AN aviation expert says that smaller airports such as Lydd have a valuable role to play in the future of air transport.
Louise Congdon is managing partner of York Aviation LLP, an air transport consultancy specialising in the economic impact of airports in the UK, Europe and worldwide.
She has worked in the air transport industry for 34 years, including with the CAA, West Midlands County Council (Birmingham Airport) and Manchester Airport Group.
She is due to address the ongoing inquiry today (Friday)
Louise said: “Following cancellation of the new runway projects at Heathrow and Stansted, any new Aviation Policy being prepared by the Coalition Government will not be in place before 2013 at the earliest.
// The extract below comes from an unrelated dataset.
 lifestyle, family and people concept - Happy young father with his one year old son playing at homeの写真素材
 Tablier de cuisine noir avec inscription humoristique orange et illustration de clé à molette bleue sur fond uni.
“Development of Lydd would be consistent with Government policy on airports as it would enable the airport to meet local demand, so reducing the need to travel on the congested road network to other more distant London airports.
“The valuable role which could be played by the smaller regional airports within the South East, including Lydd, is explicitly supported within the Future of Air Transport White Paper, subject to environmental considerations.
“There are 72 people employed at the Airport, with 48 working for London Ashford Airport Ltd.
“Despite investment of £30 million in improving facilities, Lydd has been unable to attract airlines to start commercial passenger services mainly because of the short length of the existing runway, which is too short for operations by medium sized jets used on charter and low fares services.
“With an extended runway in place, a new terminal would be required to enable the Airport to handle more than 300,000 passengers per annum.
“Total air travel demand in Kent and East Sussex amounted to 4.5 million air passengers in 2009 according to CAA Survey data; of which 2.5 million passengers were within the local catchment area of Lydd.
“In preparing demand forecasts, we’ve grown this market potential from current levels using the latest growth rates advised by the Department for Transport, while also reflecting the impact of the recession on national demand growth.”
We expect that charter airlines, for which an extended runway will be essential, will be attracted to operate initially low frequency seasonal services from Lydd.
“Once Lydd’s ability to attract passengers to these services had been proven, we expect a network of regional scheduled services to develop to points like Belfast, Dublin, Glasgow and Edinburgh.
“Over time additional charter services would be operated along with some services to European cities, such as Barcelona, Geneva and Madrid serving a mixture of business and leisure needs.
“With the extended runway and the Airport handling 300,000 passengers a year, the operation of Lydd Airport itself will support 130 direct and 70 indirect jobs.
“With the addition of a new terminal and the Airport handling 500,000 passengers a year, the operation of Lydd Airport itself will support between 200 and 210 direct jobs and 100 indirect jobs.
“The Airport will also contribute to attracting additional tourist visits to the area, which could amount to between 3% and 9% of total Airport passengers.
These inbound tourist visits would themselves support additional local employment in the range of 33 to 96 jobs.
“Users of Lydd would also benefit from reduced car journeys to their local airport, compared to alternative airports elsewhere in the South East.”